Personal information
- Full name: Misinia Billy Tui Misikea
- Nationality: Niuean
- Born: 27 December 1993 (age 32) Auckland, New Zealand
- Height: 1.78 m (5 ft 10 in)
- Weight: 102 kg (225 lb)

Sport
- Country: Niue
- Sport: Track and field
- Events: Shot put, Javelin

Achievements and titles
- Personal best: Shotput - 12.13 m (NR) Javelin 53.91 m (NR)

= Nia Misikea =

Niuean track and field athlete

Nia Misikea (born 27 December 1993 in Auckland, New Zealand) is a Niuean track and field athlete who specializes in shot put and javelin. He competed for Niue at the 2014 Commonwealth Games in the men's javelin throw and the 2018 Commonwealth Games in the men's shot put and men's javelin throw. At the 2014 Commonwealth Games, Misikea threw a distance of 47.95 metres and finished 22nd of 22 athletes that competed, his fellow athlete Ikipa Misikea came 21st and set a new national records of 51.68 metres, neither of them qualified for the final.

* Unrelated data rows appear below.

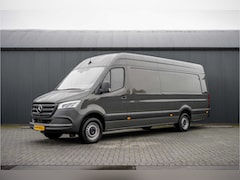 Mercedes-Benz Sprinter - 315 CDI L4H2 | LED | 360° Camera | Cruise | PDC | Mbux | 3-Zits | Climatronic
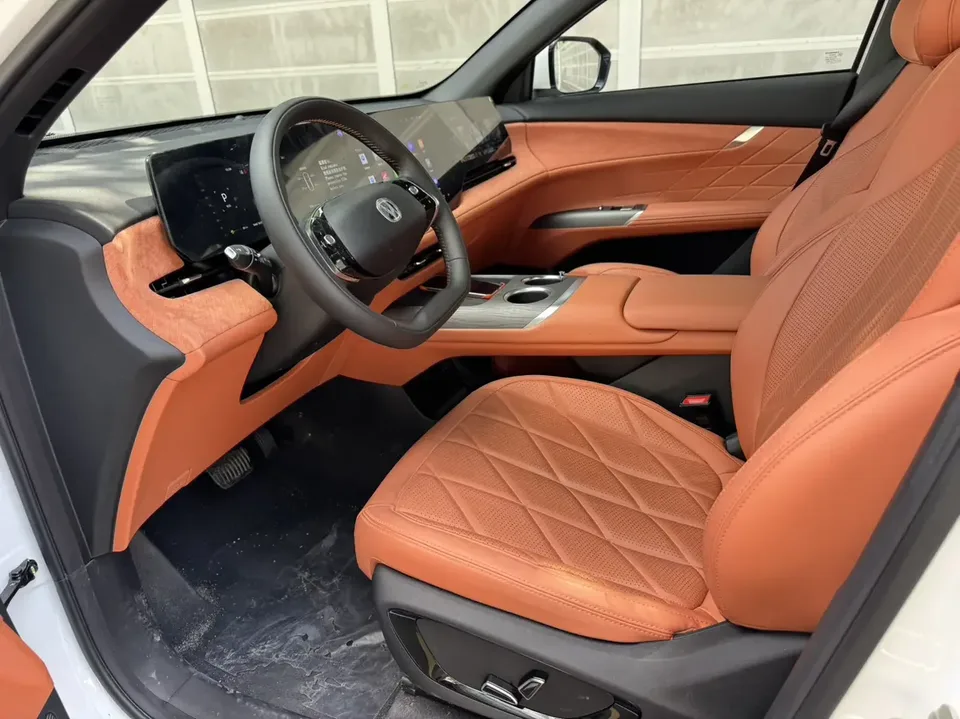 Changan CS75PLUS Changan CS75 PLUS 2025 The fourth generation 1.5T New Blue Whale Smart Premium 2026 — thumbnail 5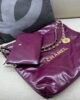 Chanel 22 Small-Medium Available - Purple GHW - 37cm - 39cm 8 i1685430291 8360 7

This national records Nia Misikea broke later at the 2017 Pacific Mini Games with a distance of 53.91 metres. At the 2018 Commonwealth Games, Misikea competed in men's shot put and men's javelin throw along with Loe Kaufisi. In both events, Misikea beat Kaufisi but in both events they finished below all of the other competitors. Misikea did however, set a new national record in the shot put after he registered a 12.13 metre put, he still finished 3.69 metres behind the next closest athlete, Mustafa Fall from Fiji and did not qualify to the final. In the javelin throw, his best throw was 47.73 metres, this finished him 5.11 metres behind the next closest competitor, Imo Fiamalua from Tuvalu and didn't qualify for the final once again.